The site is protected using Apache .htaccess files, and with the htpasswd file authentication mechanism.

Shutting off password

Password protection can be shut off by removing or renaming the .htaccess file that is requiring authentication. A quick way to temporarily shut off password protection is moving/renaming a .htaccess a .ht or htaccess with no leading-dot.

Adding usernames/passwords to the password file

Passwords can be added or changed by using the htpasswd command found on Zoo. The way to use the command is htpasswd passwdfile username. A dash 'c' (-c) can be used in the command to create a new file.

Removing usernames/passwords from the file

Passwords can be removed by editing the file with a text file and removing the line that starts with the username you wish to remove.

Assignment (File) Uploading

File uploading does not rely on the name of the file given by the user on the system the file resides.
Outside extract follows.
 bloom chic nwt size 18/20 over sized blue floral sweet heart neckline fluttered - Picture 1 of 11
The name which the uploaded file will finish with on the server will be a name given by the script. The user must input their name, must choose a lab, choose a course numberr and must submit a file. If a user happens to enter the name for an individual which already submitted for that lab, the file will not be overwritten and an error message will be displayed.

Submitted labs are placed in their corresponding lab folders. The filename will be saved as lastname_firstname_lab#.ext (the extension defaulting to PDF). Students can check to see if their file was uploaded by clicking on "View Submitted Assignments".

Assignment Correcting

The directories containing submitted labs are not available to the world. The files can be reviewed by TA's by using some file transfer client, or by viewing the files from the Submit Homework screen. The login is the "TA".
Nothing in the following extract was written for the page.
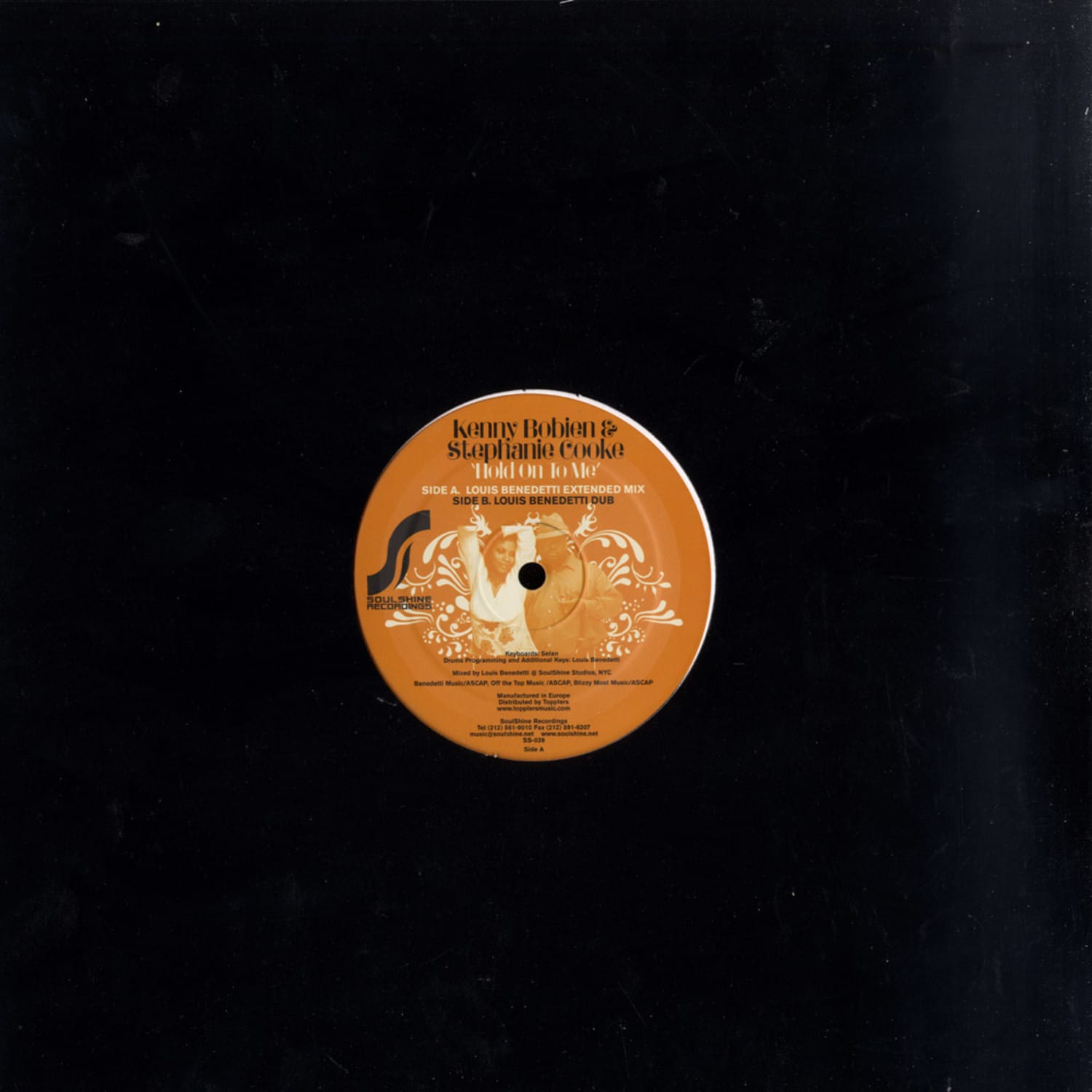 Kenny Bobien & Stephanie Cooke - HOLD ON TO ME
Corrected assignments should be placed in the public_html/pickup/ directory. These files should maintain as much of the naming convention as possible, using underscores ('_') instead of spaces.

File Permissions

Web Readable Permissions (AKA World-Readable Permissions)

Files that would like to be viewed to web visitors must have permissions of at least 644. From the command line this would be chmod 644 file.html.
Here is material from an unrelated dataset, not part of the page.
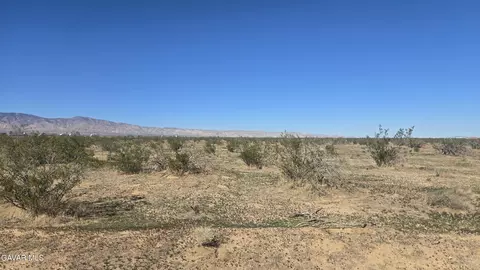 East Glen Rd, Mojave, CA 93501 photo 6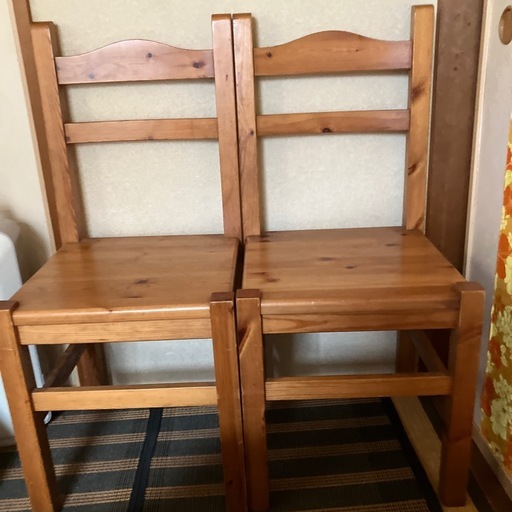 木製の椅子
Directories (folders) that contain files that need to be available to web visitors must have permissions of at least 711. If the listing of files in the directory is desired, then the permissions must be 755. From the command line this would be chmod 755 directory.

Directories that can be uploaded to must have the permissions of 777 (or 707), world writable.

Changing permissions for many files

One way to change the permissions of multiple files is with the following usage of chmod:

chmod -R 755 .

The period stands for the current directory the user is logged into (changed by the cd command). The dash 'R' (-R) stands for recursive and affects all subdirectories (folders) below the current directory. This will change all directories and folders to permissions of 755, making all directories and folders web/world readable. This could be dangerous if done from a directory that contains the upload directories.


The programming design of this site is weak at best. It doesn't declare one function. However, it utilizes the PEAR module system, perhaps explaining why more scripting occurs than functional or objected oriented programming.

Security could be checked by making sure variables initialized by GET and POST are used by calling the $_GET and $_POST PHP superglobals.

File listing scripts could use the File_Find PEAR module. However, that module needs some work.

Add documentation on removing and adding uploaded, picked-up files and folders.


The site is listed at UVM Course Web Sites.

Attempts to upgrade the JavaScript code from Dynamic Drive were unsuccessful -- the "Navigation Bar" wouldn't appear in IE and still wouldn't appear in Netscape 6 and Mozilla 1.1 beta.